[YOUR GOAL] Without the pictures, retype each line below exactly as it stands.

(Stored data entries)

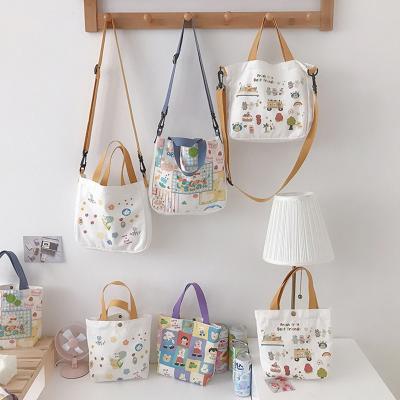 China High Quality Custom Canvas Bag Women Student Cute Japanese Printed Wild Green Shopping Bag Cloth Small Portable Handbags for sale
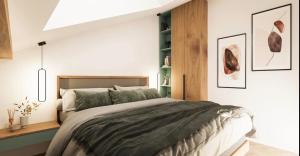 a bedroom with a bed and a white wall at WBR Apartlak in Villány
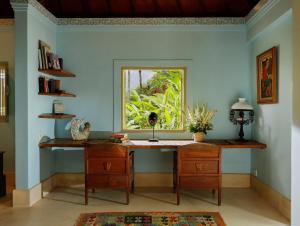 a home office with a desk and a window at Villa Inka Ubud by Nakula in Ubud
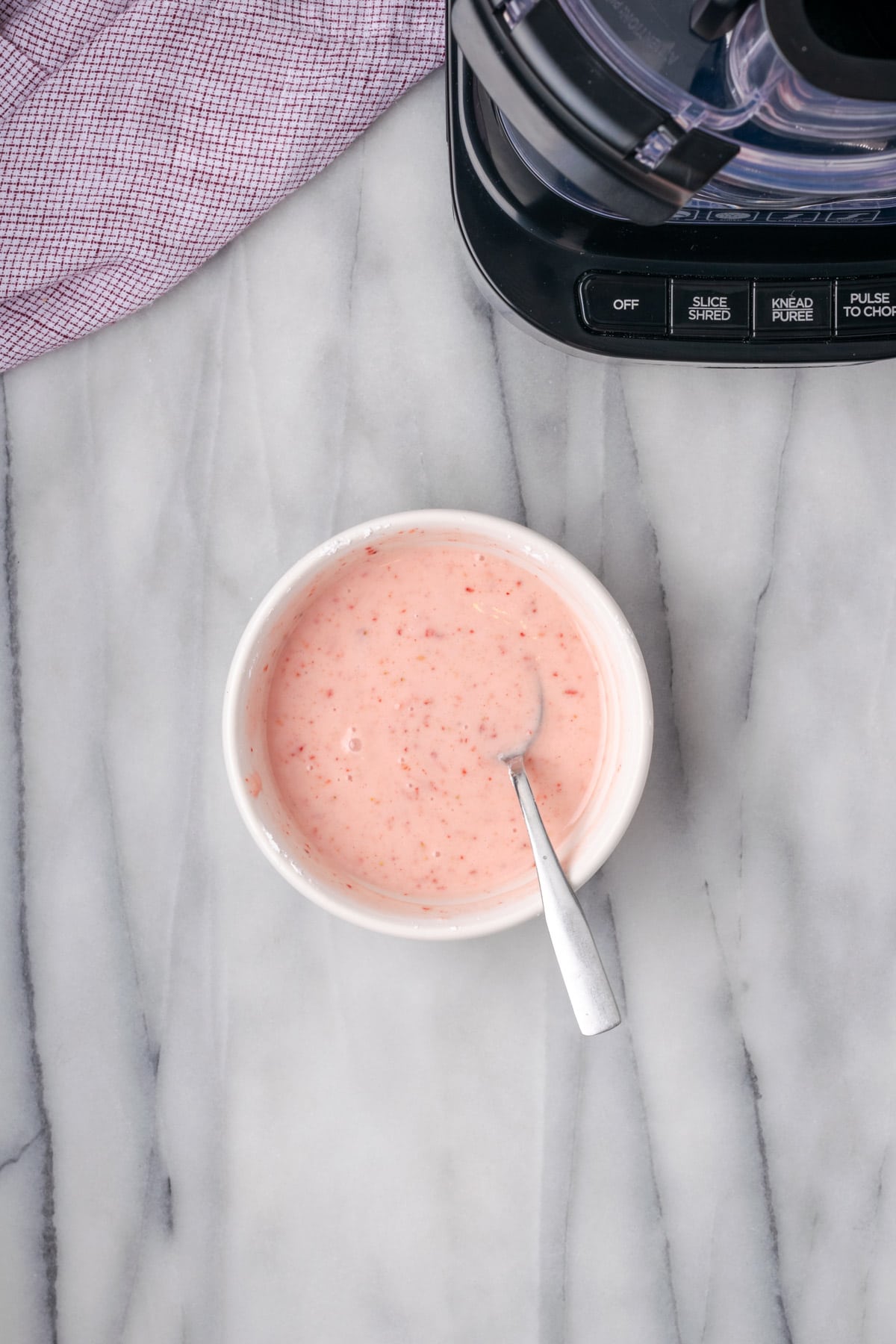 A bowl of pink icing with a spoon. 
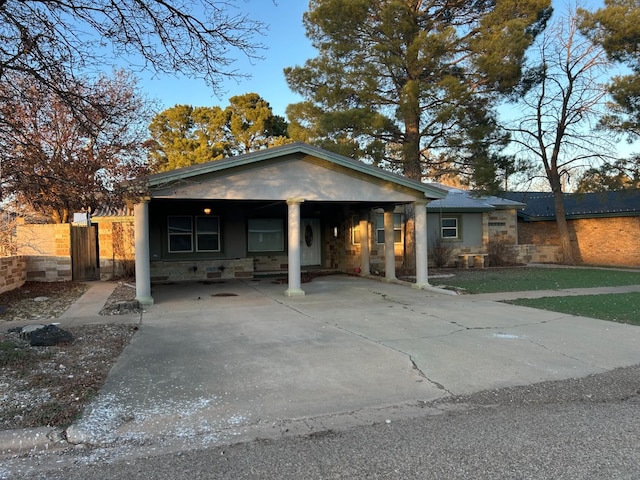 view of front of home with a carport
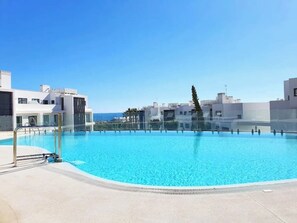 A rooftop swimming pool with clear blue water, surrounded by modern buildings and a clear sky. - Luxurious Flat With Jacuzzi and Pool at Higueron (Fuengirola)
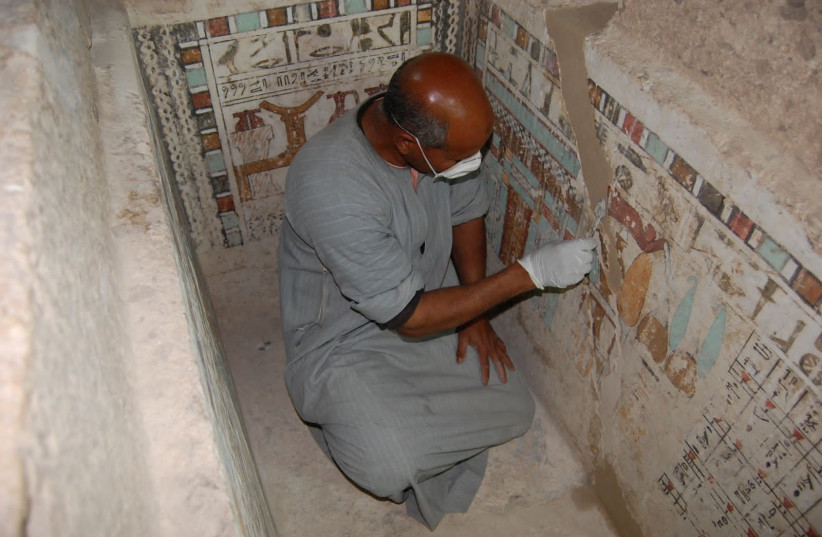  An Egyptian employee works at the 4,000-year-old tomb of Meru, the oldest site accessible to the public on Luxor's West Bank, home to some of its most spectacular Pharaonic monuments including the Valley of the Kings, after restoration by a Polish mission in Luxor and Egyptian archaeologists, by th (credit: The Egyptian Ministry of Antiquities/Handout)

[WRITTEN SOLUTION]
 China High Quality Custom Canvas Bag Women Student Cute Japanese Printed Wild Green Shopping Bag Cloth Small Portable Handbags for sale
 a bedroom with a bed and a white wall at WBR Apartlak in Villány
 a home office with a desk and a window at Villa Inka Ubud by Nakula in Ubud
 A bowl of pink icing with a spoon. 
 view of front of home with a carport
 A rooftop swimming pool with clear blue water, surrounded by modern buildings and a clear sky. - Luxurious Flat With Jacuzzi and Pool at Higueron (Fuengirola)
  An Egyptian employee works at the 4,000-year-old tomb of Meru, the oldest site accessible to the public on Luxor's West Bank, home to some of its most spectacular Pharaonic monuments including the Valley of the Kings, after restoration by a Polish mission in Luxor and Egyptian archaeologists, by th (credit: The Egyptian Ministry of Antiquities/Handout)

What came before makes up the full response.